Classy Shak cruises to win over McIntyre
SHAKAN Pitters, the lofty former British light-heavyweight champ, is back in business.
The Birmingham talent nudged his career back on track with landslide, eight round victory over Joel McIntyre on Boxxer’s major Saturday night bill at Resorts Word Arena.
It was a no frills, functional win – 80-72 – built around Shak’s long left lead: the man has such a phenomenal reach, he could throw that jab from another county and still connect. It’s slung with precision, too.
Pitters can now climb back to the domestic game’s big time. And I’m pleased for the boxer from a fighting family: he’s a thoroughly pleasant individual, a class act inside and outside the ropes who embraces community work.
He took a gamble against McIntyre, a heavy handed former English champ from Portsmouth, and it paid off.
Joel threatened, but as in his March title loss to Ricky Summers, failed to let the punches go.
And Shakan appeared to box within himself. If McIntyre had attempted to go for broke, Pitters would’ve opened the throttle.
As it was, he didn’t need to. He was in cruise control throughout.
Manager Jon Pegg pointed out afterwards: “Why get out of second gear when you don’t have to.

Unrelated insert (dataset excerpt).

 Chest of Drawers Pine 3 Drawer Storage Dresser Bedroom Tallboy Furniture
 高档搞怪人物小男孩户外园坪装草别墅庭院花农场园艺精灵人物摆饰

“Shakan went to war with Craig Richards (a stoppage defeat in defence of his British title) and got no credit for it.”
That sums it up. Shak didn’t take chances because he didn’t need to take chances.
Against McIntyre, Pitters kept pumping out the jab, sometimes doubling and trebling the shot. As the bout wore on 33-year-old Shak began to open up more, raking right hands came into play.
In the final round, McIntyre drove his opponent to the ropes, only to be caught coming in by a lead and right hook to the body. It was classy stuff.
Joel is no slouch, yet Pitters appeared quite a few notches above him. That shows he’s still a force.
Shakan, once one of British boxing’s brightest lights, is shining again.